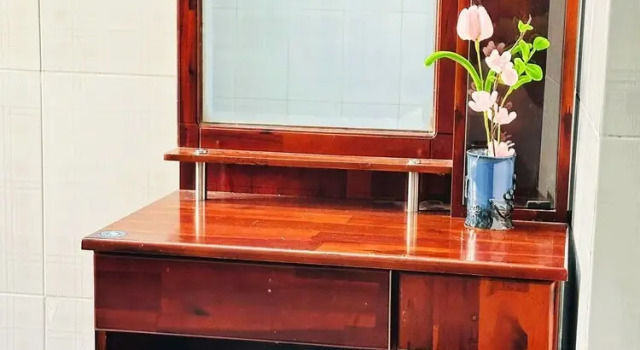 Номер Economy Khách sạn Trang Thư - Sư Vạn Hạnh - Quận 10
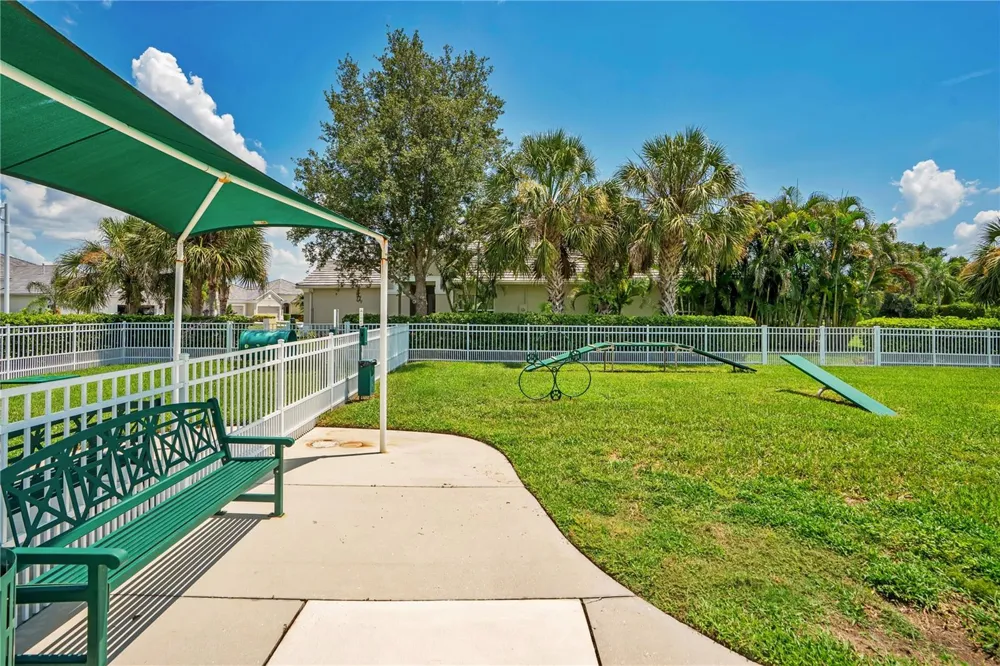 12225 WHISPER LAKE DRIVE Bradenton, FL 34211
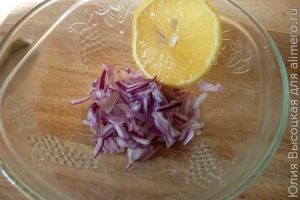 Легкий салат с морепродуктами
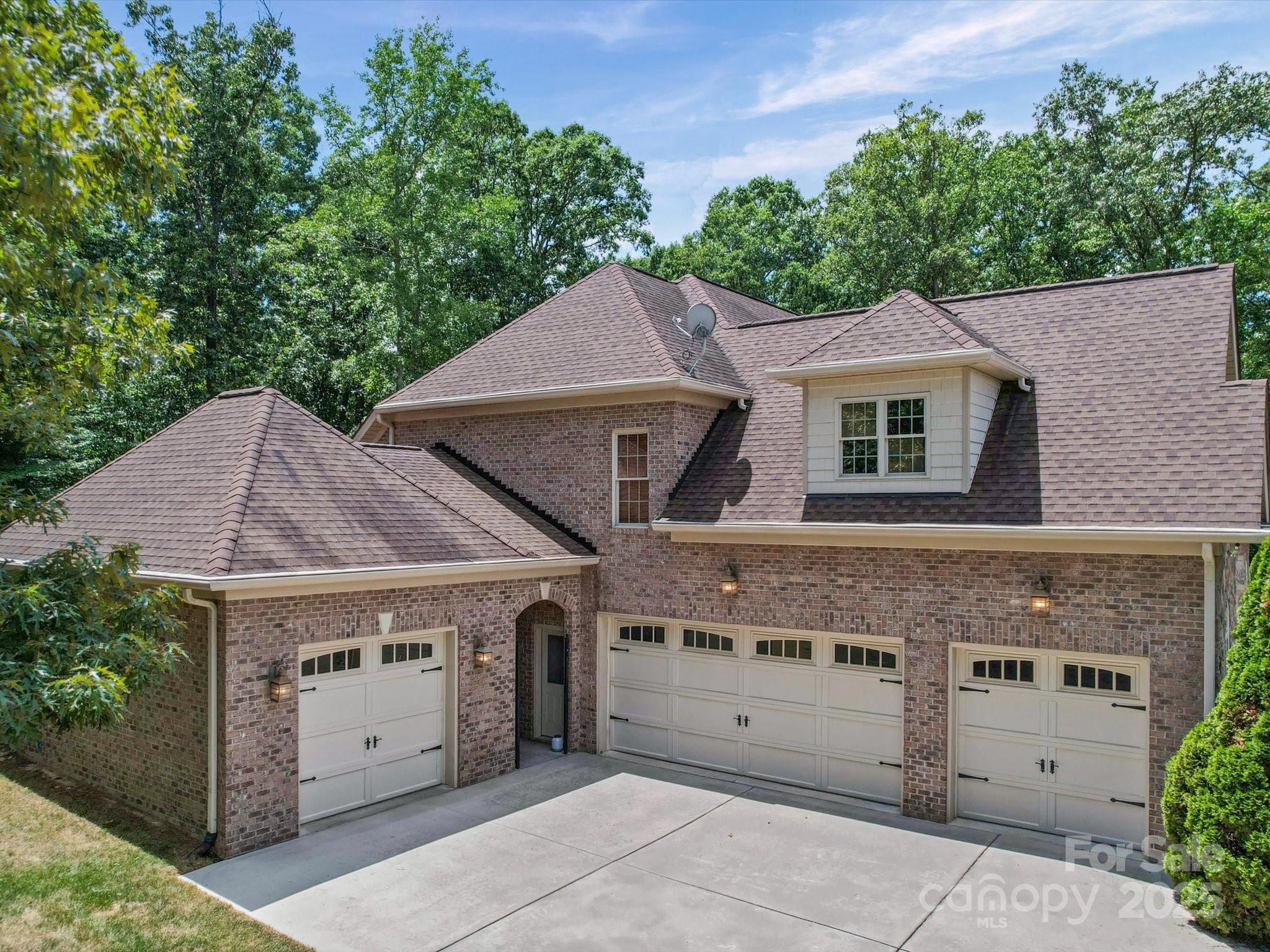 3925 Hounslow Lane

# Activity
With the pictures left out, give again exactly the lines from the one with "12225 WHISPER LAKE DRIVE Bradenton, FL 34211" through the end of the data, both included.

# Task answer
 12225 WHISPER LAKE DRIVE Bradenton, FL 34211
 Легкий салат с морепродуктами
 3925 Hounslow Lane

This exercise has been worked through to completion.